1. Install rclone on your host: `curl https://rclone.org/install.sh | sudo bash`
2. Configure a remote: `rclone config`
3. Mount the config into the container:

```diff
services:
  zerobyte:
    volumes:
      - /var/lib/zerobyte:/var/lib/zerobyte
+     - ~/.config/rclone:/root/.config/rclone
```

After restarting the container, choose rclone as the repository type and select your remote.

## Create your first backup job

1. Pick a source volume and a repository
2. Set a schedule (daily, weekly, or custom)
3. Add include and exclude paths
4. Configure retention (keep daily, weekly, monthly, yearly)
5. Run the job once manually to verify credentials and performance

## Restore data

Open Backups, select a snapshot, and restore files back to their original paths. For partial restores, pick only the files you need and Zerobyte will pull them from Restic.

## Post-deploy checklist

<ListCheck>
- Create at least one repository and test a manual backup
- Validate restores with a small file set
- Schedule jobs during low-usage windows for the first run
- Keep Zerobyte updated and review logs for failures
</ListCheck>

## Restic CLI commands you should know

```bash
# initialize a local repo
export RESTIC_REPOSITORY=/srv/backups/restic-repo
export RESTIC_PASSWORD="strong-password"
restic init

# create a backup
restic -r $RESTIC_REPOSITORY backup /home /etc

# list snapshots
restic -r $RESTIC_REPOSITORY snapshots

# forget and prune with a retention policy
restic -r $RESTIC_REPOSITORY forget --prune \
  --keep-daily 7 --keep-weekly 4 --keep-monthly 12 --keep-yearly 3
```

## Practical retention tips

- Test restores regularly.

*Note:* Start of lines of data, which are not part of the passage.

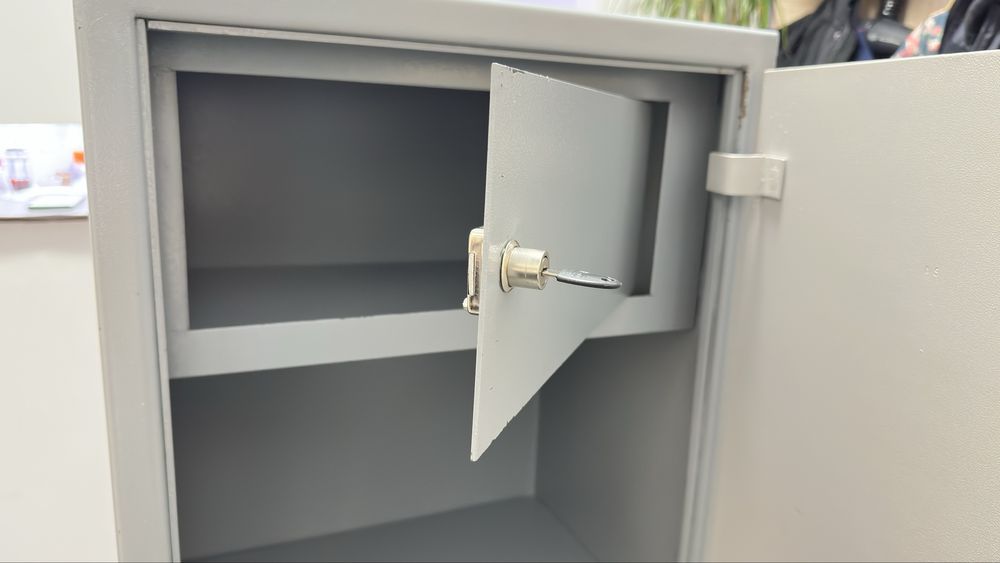 Продам сейф для офиса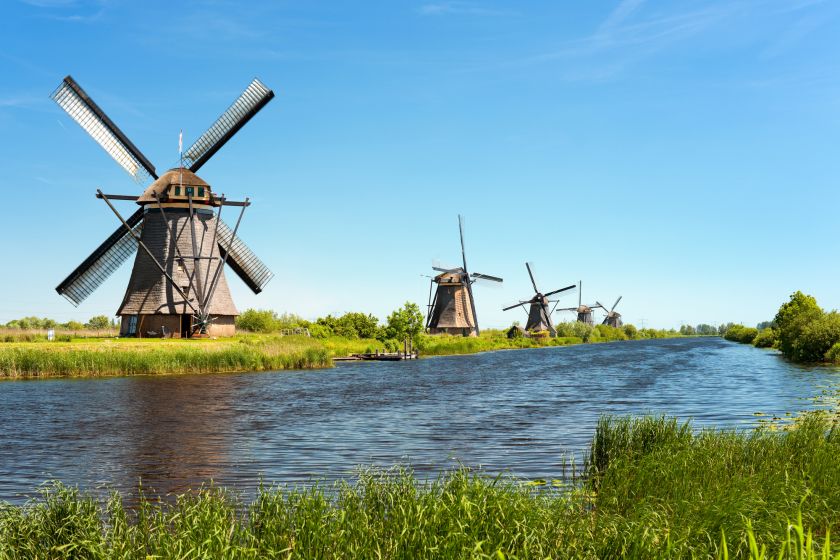 Picture of Kinderdijk windmills in the Netherlands
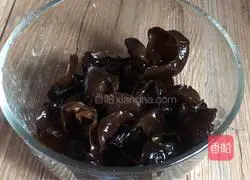 Illustration of braised grass carp cubes 4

A backup you cannot restore is useless.
- Keep Zerobyte metadata on local disk for performance and permissions.
- Expect the first backup to be heavy on I/O and bandwidth.
- Keep at least one independent offline copy for critical data.
- Use `restic check` and inspect logs when a job fails.

## FAQ

<Accordion label="Do I need SYS_ADMIN and /dev/fuse?" group="faq" expanded="true">
Only if you want Zerobyte to mount NFS, SMB, or WebDAV shares inside the container. For local folders, remove the capability and device for a safer setup.
</Accordion>

<Accordion label="Where does Zerobyte store repositories?" group="faq">
Local repositories live under `/var/lib/zerobyte/repositories` by default. Cloud repositories are stored in the backend you configure.
</Accordion>

## Final thoughts

Restic gives you trustworthy, encrypted backups. Zerobyte adds the convenience of a modern dashboard and scheduling layer. If you want a low-maintenance, self-hosted backup system, this combo is hard to beat.